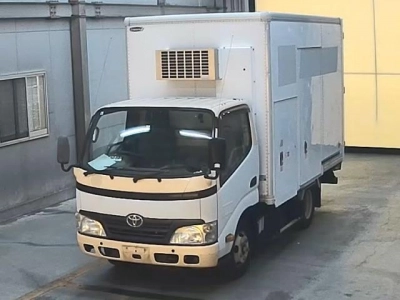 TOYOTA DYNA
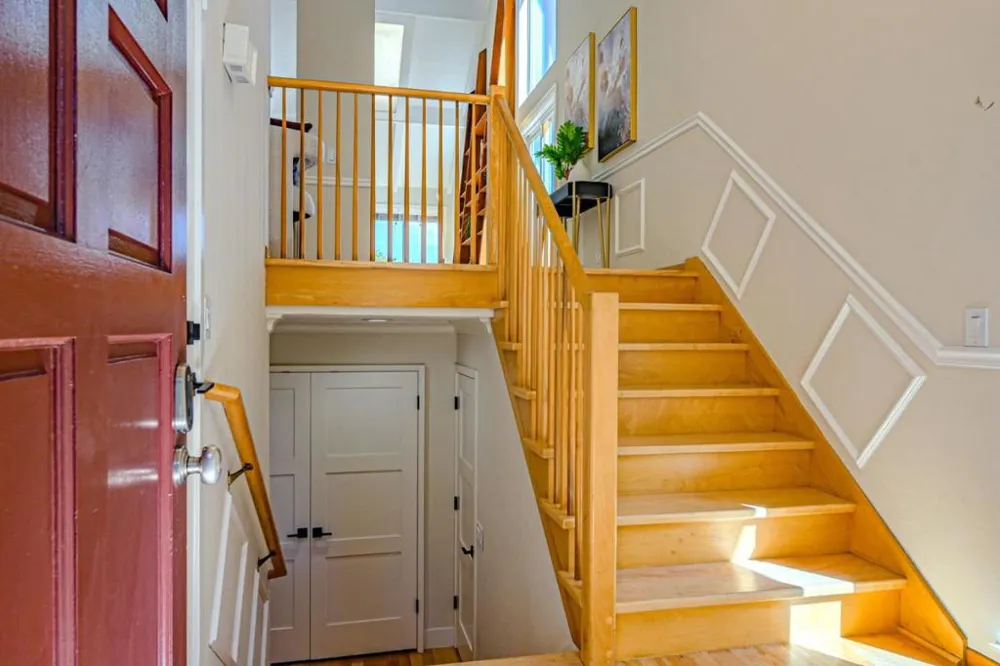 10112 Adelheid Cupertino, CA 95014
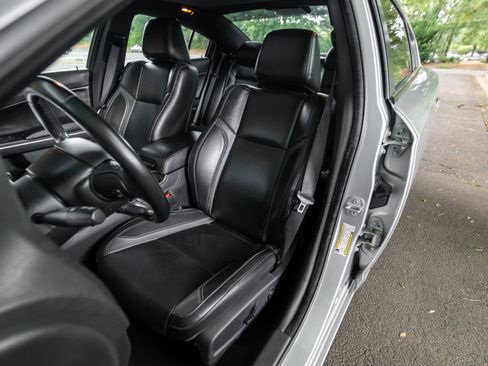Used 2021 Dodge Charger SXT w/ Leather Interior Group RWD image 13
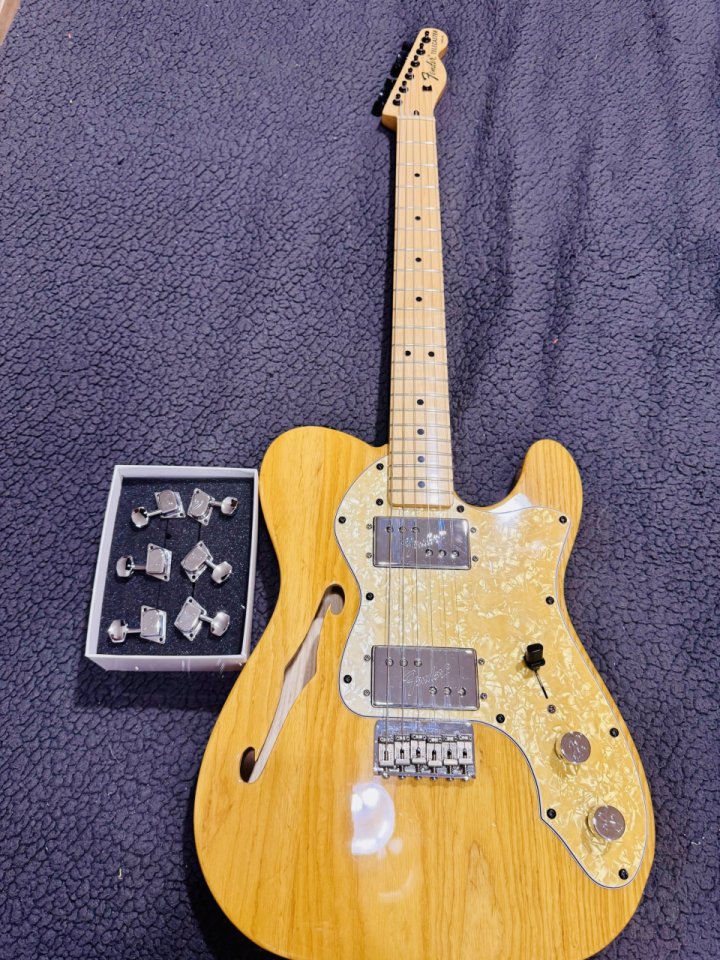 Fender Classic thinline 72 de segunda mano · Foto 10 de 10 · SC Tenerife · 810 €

* _Task requirements_
Starting at the line that holds "Used 2021 Dodge" and ending at the last line of the material above, repeat each line exactly, both ends included, and leave the pictures out.

* _Answer space_
Used 2021 Dodge Charger SXT w/ Leather Interior Group RWD image 13
 Fender Classic thinline 72 de segunda mano · Foto 10 de 10 · SC Tenerife · 810 €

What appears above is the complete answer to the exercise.